Лазарь Гломостро поднес дрожащий палец к снимку и начал объяснять, Это мое тело, Это его тело, Мы были почти одного возраста, Фотография немножко нечеткая, Он пошевелился, Он пошевелился потому, что в этот момент он смеялся, Он часто шутил, Это был восхитительный товарищ по несчастью, Настоящая дружба связала нас, Он думал, что умрет, но, возможно, в этот момент он пошевелился, рассказывая смешную историю.
15. БАБАЯ ШТЕРН
Подниматься надо по лестнице пешком, лифт испорчен, его мотор был подожжен в подвальном этаже тридцать лет назад неизвестно кем, бродягами или солдатами, может, случайно, а может, и со злым умыслом, или, возможно, потому, что некоторые вообразили, что идет война или творится возмездие и только таким образом можно ее выиграть, а его свершить. Запахи горелого масла и радиоактивные пары рассеялись, и здание снова безвредно. Я живу на четырнадцатом этаже, наименее разрушенном.
Когда я возвращаюсь к себе и дохожу до площадки девятого этажа, перед тем, как начать подниматься по следующему пролету, я должен пройти мимо квартиры номер 906. Я делаю здесь паузу, перевожу дыхание. Вот уже пять месяцев, как квартира занята. Дверь здесь подпилена посередине, как это делалось некогда в денниках конюшен, в те времена, когда существовали лошади, и на закраину выступающей ее верхней части облокачивается женщина, она облокачивается на нее своими огромными руками. Это Бабая Штерн. Она всегда здесь, день и ночь, в рубахе, лоснящейся от пота, широкая и пузатая, и сально гладкая, какими были некогда гиппопотамы, во времена, когда еще существовала Африка; она пребывает здесь постоянно, с короткими интервалами, во время которых дети ее отодвигают ее в сторону, чтобы опорожнить лохань, или увлекают ее в глубину квартиры, чтобы привести ее в порядок и набить ей пузо.

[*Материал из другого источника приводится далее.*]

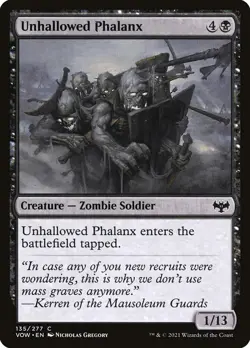 Unhallowed Phalanx Foil (135) Innistrad: Crimson Vow VOW MTG Magic - Image 1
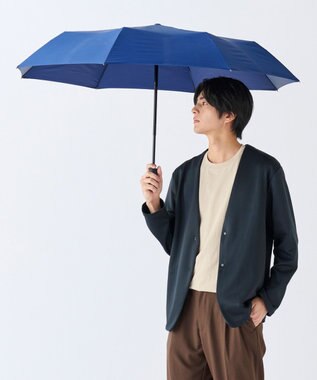 MOONBAT 【超撥水/耐風/大きい】フロータス(FLO(A)TUS) 折りたたみ傘  UV 大きいサイズ 無地 60cm ディープブルー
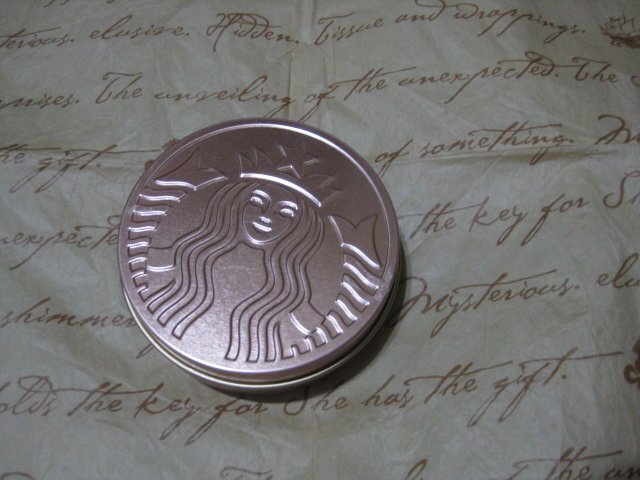 スターバックス(STARBUCKS)缶ケースゴールド_画像1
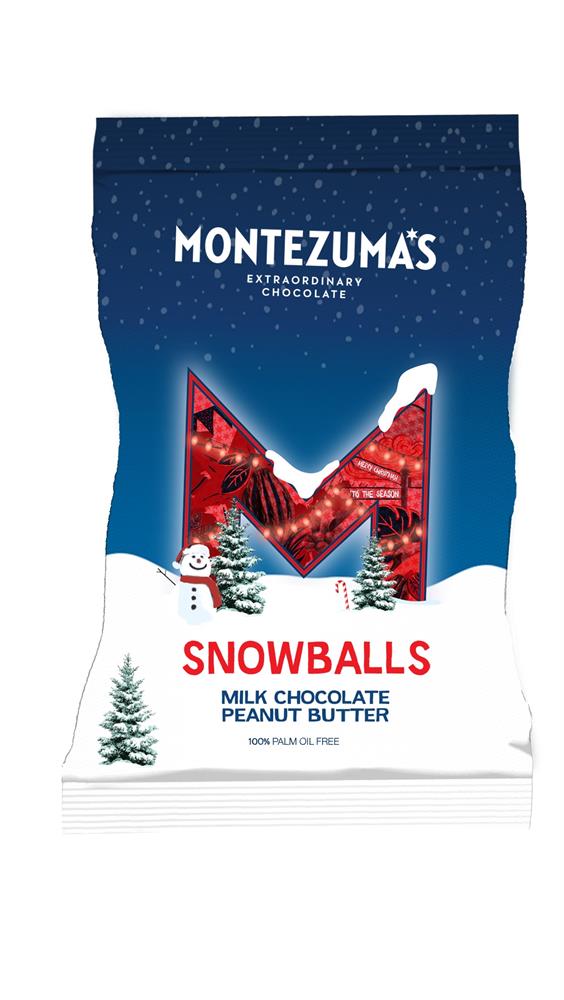 Montezuma's Milk Chocolate Peanut Butter Snowball Bag 120g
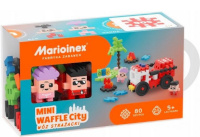 Marioinex klotsid Mini Waffle City - Fire Truck 80-osaline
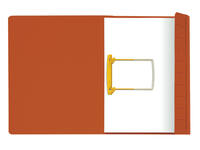 Clipmap Secolor A4 100% gerecycled karton 250gr rood verpakt per 10 stuks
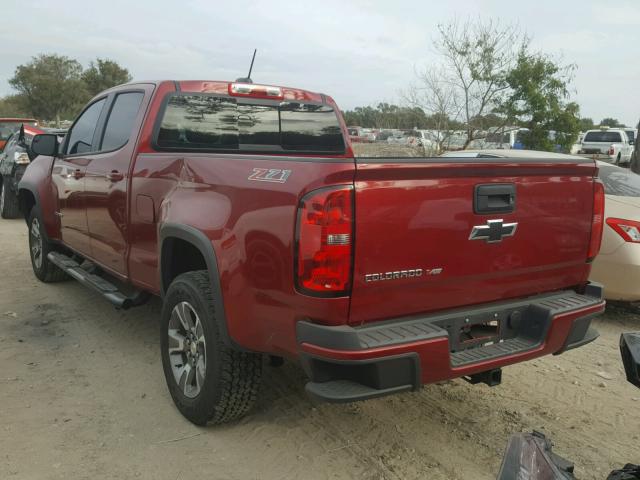 1GCGSDEN0H1209295 - 2017 CHEVROLET COLORADO Z RED photo 3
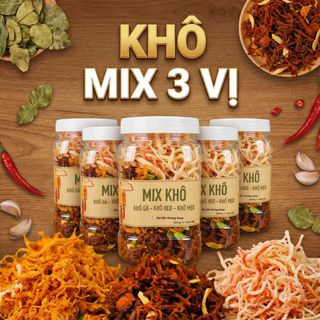 KHÔ MIX 3 VỊ - BỘ BA SIÊU NGON 350G - WINNIE HOUSE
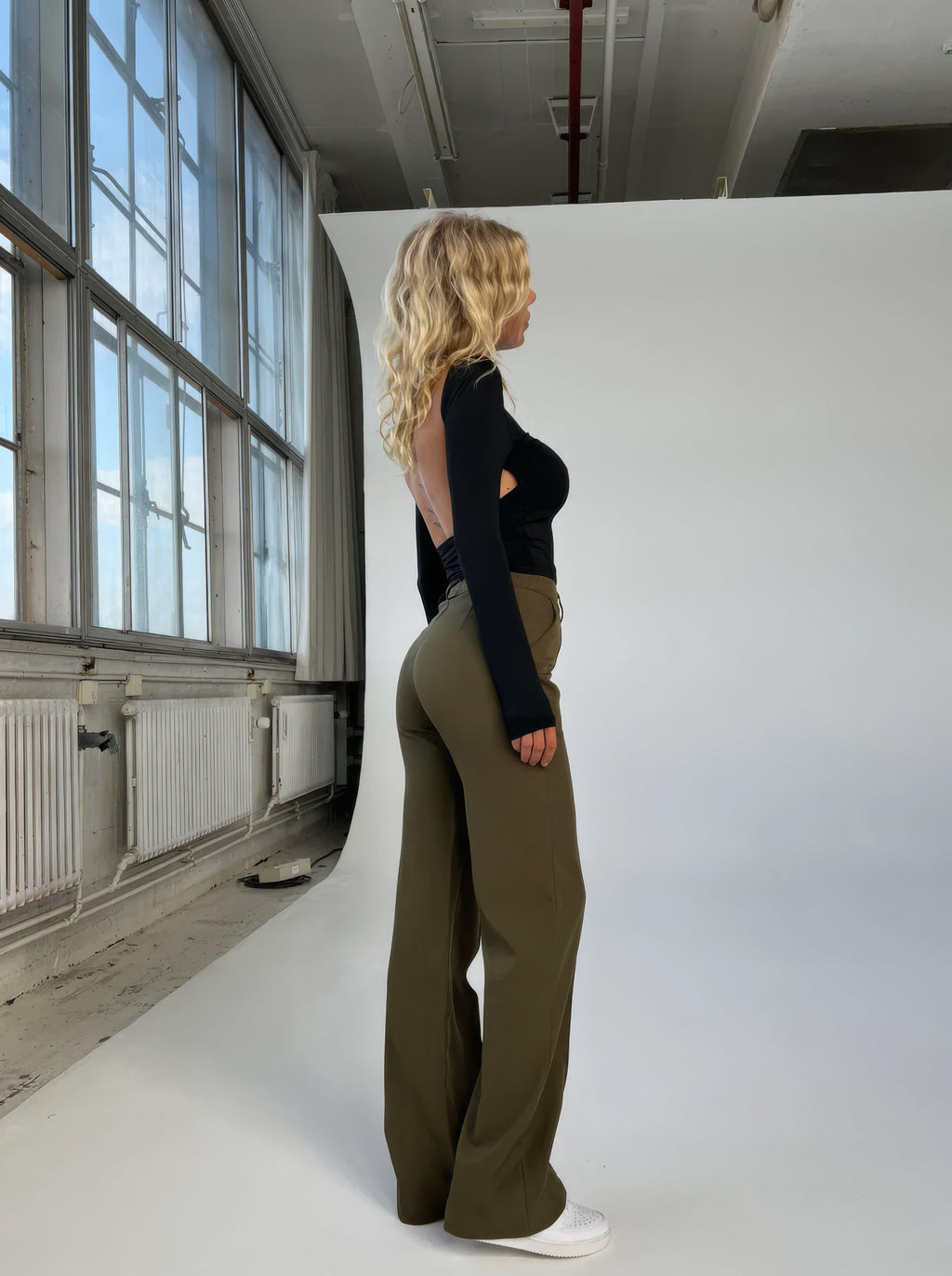 Eloise | Women’s High-Rise Pintuck Flowy Trousers — TOPNEWPLACE (view 5)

Не издавая никогда никаких иных звуков, кроме тяжелых вздохов или же звуков кишечного брожения, или посвистывания мочи, или поноса, она стоит не двигаясь на старых покрышках, которые сыновья Штерн подложили под нее, чтобы у матери было удобное место над лоханью и чтобы она могла наслаждаться зрелищем приходящих и уходящих людей. На самом деле движения здесь мало, потому что, кроме меня, никто не живет на верхних этажах. Как часовой, которого забыли во дворе казармы вдали от поля битвы, Бабая Штерн в течение часов не видит, чтобы что-либо происходило. Она внимательно смотрит на лестницу, покрытую пылью, на ступеньки, по которым никто, кроме меня, не ходит, потому что ее сыновья входят и уходят с другой стороны, по лестнице, которая ведет на восьмой этаж. И так она остается стоять, взыскуя о полном отсутствии каких бы то ни было событий, неподвижная, с подавленным лицом, не вытирая капли пота, стекающие по ней, чувствуя, как в ней медленно застывает жир, догадываясь, как разрастается ее мускульная масса, редко мигая, иногда служа мишенью для насекомых, иногда атакуемая бабочками и мухами. Небытие несколько зловонно, и она втягивает его в себя маленькими затяжками ноздрей, она изучает его. В потрескавшейся стене напротив живут ящерицы. Она знает их наизусть, она знает, чего стоит каждая из них, кто из них неловок, кто обладает способностями к языкам, кто никогда не избавится от своих детских фобий. Она их любит.